■ **How to complete this task**
Copy out exactly the stretch below, from the line with "After all the" through the line with "We're going to end", both included; the pictures stay out.

■ **Extracted material**

Segment Open

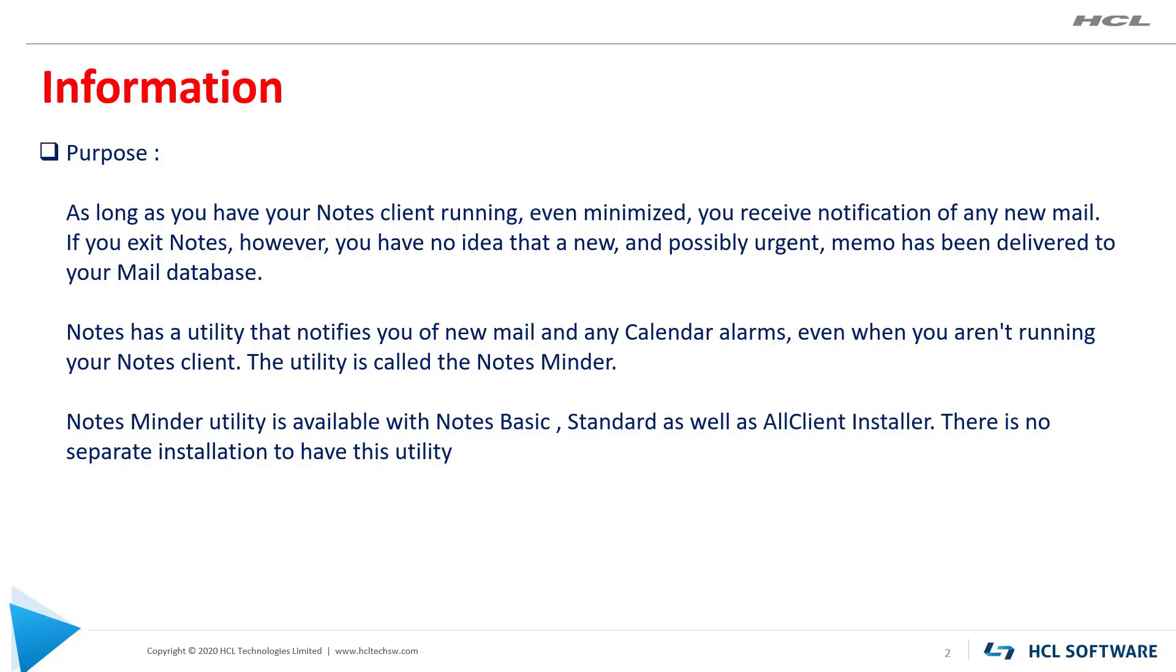Notes has a utility that notifies you of new mail and any calendar alarms even when you aren't running your Notes Client. The utility is called NotesMinder.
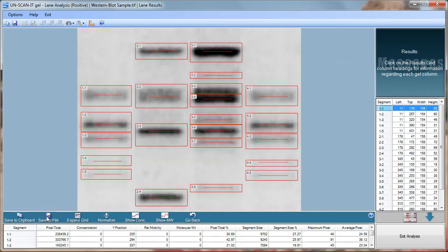After all the bands have been analyzed the results screen will be displayed. Clicking the column headings will display a description of the data in that column.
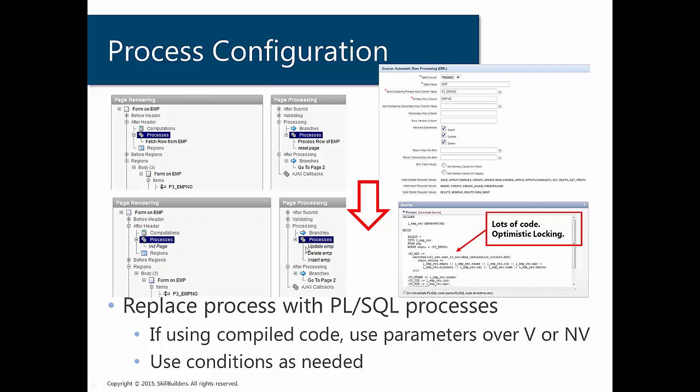We're going to end up with the exact same functionality, but we're going to have an init page process and an update, delete and insert process. Our code, these processes are going to have code similar to this defined. So it's actually going to contain PL SQL code. It's no longer going to look like this declarative process.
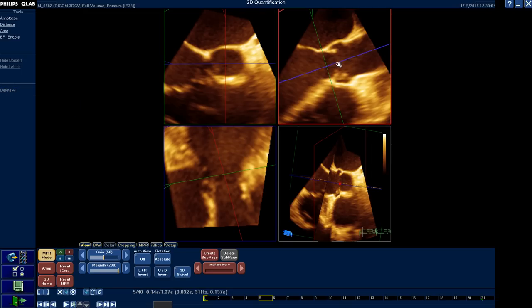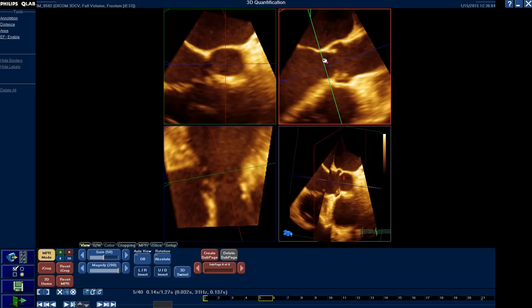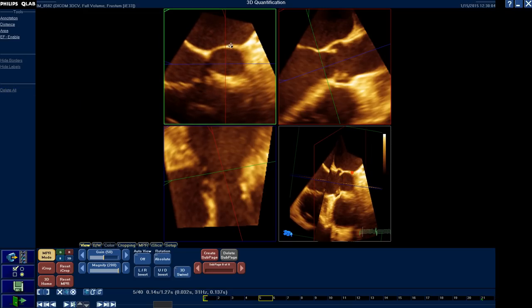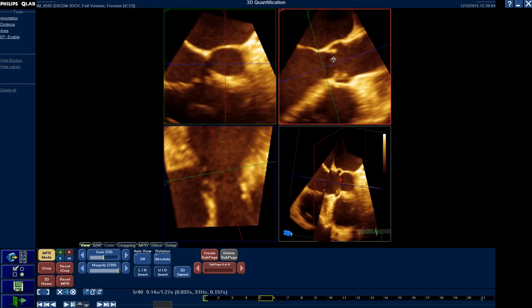Delete all. If I move down a little bit, this is the LVOT. I can also trace this to get the area, and I can use this area during calculation of the stroke volume in the continuity equation, and so on.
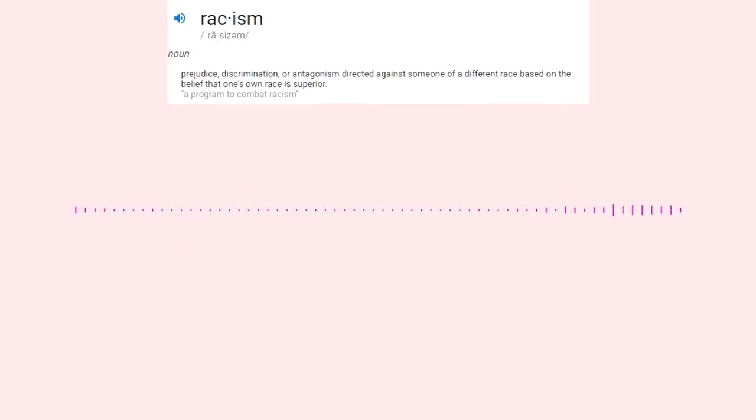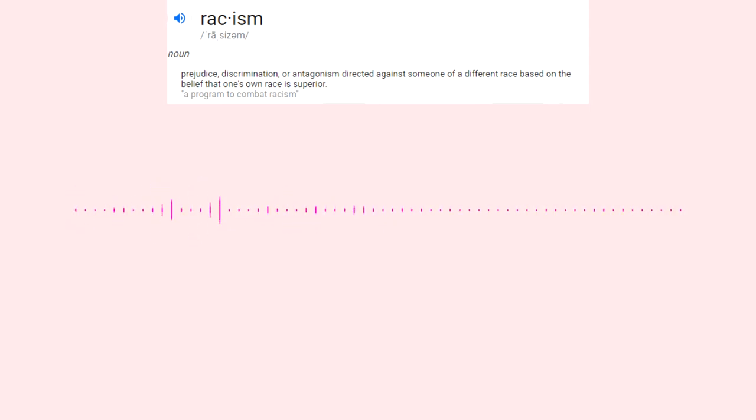The definition of racism is prejudice, discrimination, or antagonism directed against someone of a different race based on the belief that one's own race is superior. The slur was not directed at an individual of color, just to a group of friends who, from my understanding, were white.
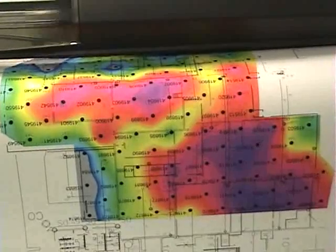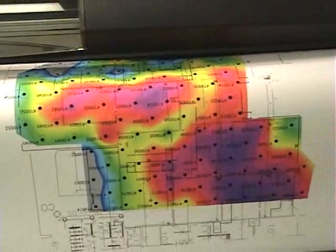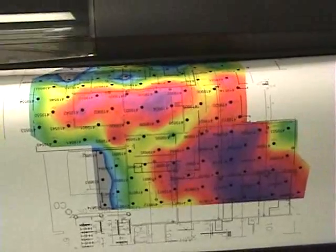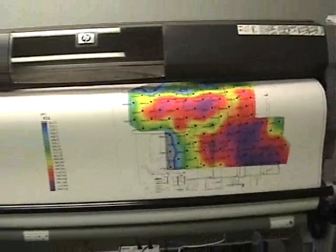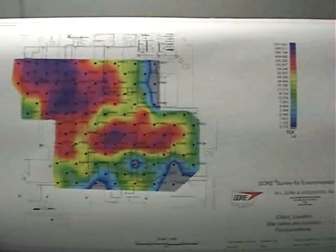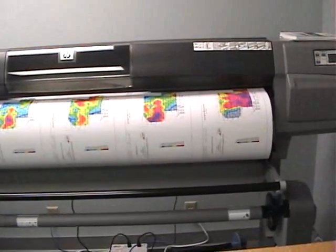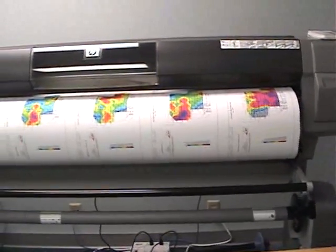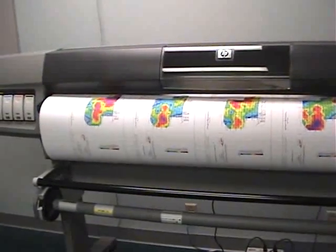Once the Gore modules are analyzed using U.S. EPA methods, the data from those samplers are contoured and plotted on a series of maps. Those contour maps show the kinds of compounds that were absorbed by the sampler, the distribution of those compounds across the site, and their concentrations. The final report and the contour maps are then used to guide the investigator into the next phases of the vapor intrusion investigation.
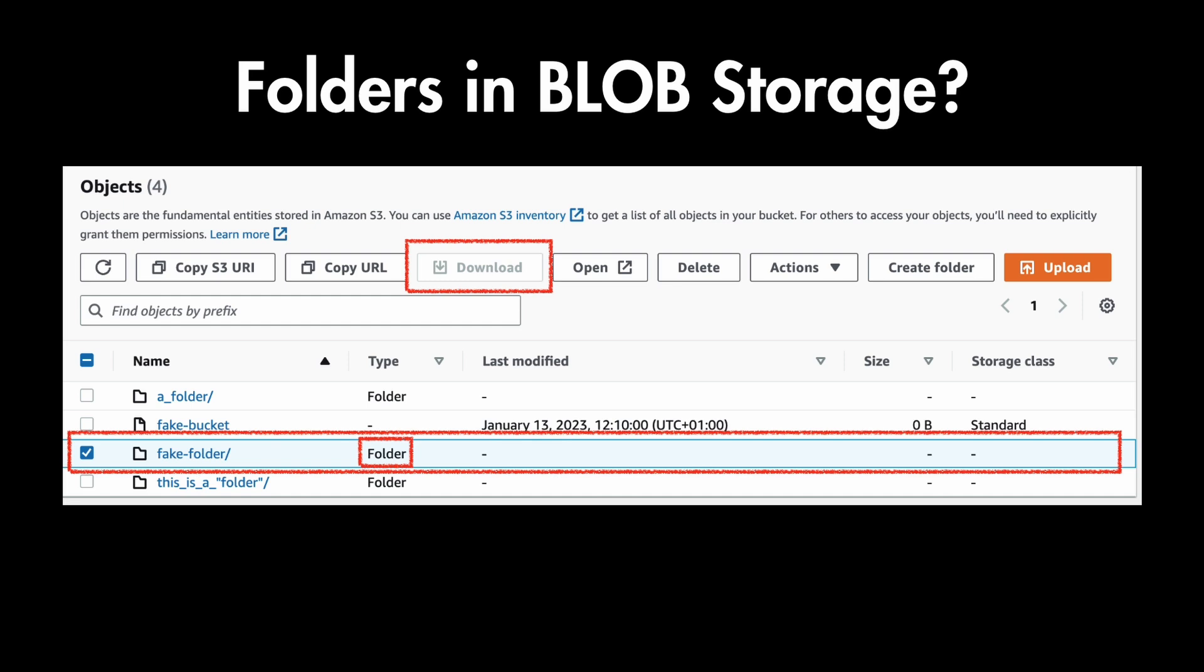meaning they split the path to object with forward slashes and represent them as folders. But this is still an illusion to make it easier to use and technically there are no folders in object storage.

Segment Closed

■ **Task answer**
After all the bands have been analyzed the results screen will be displayed. Clicking the column headings will display a description of the data in that column.
We're going to end up with the exact same functionality, but we're going to have an init page process and an update, delete and insert process. Our code, these processes are going to have code similar to this defined. So it's actually going to contain PL SQL code. It's no longer going to look like this declarative process.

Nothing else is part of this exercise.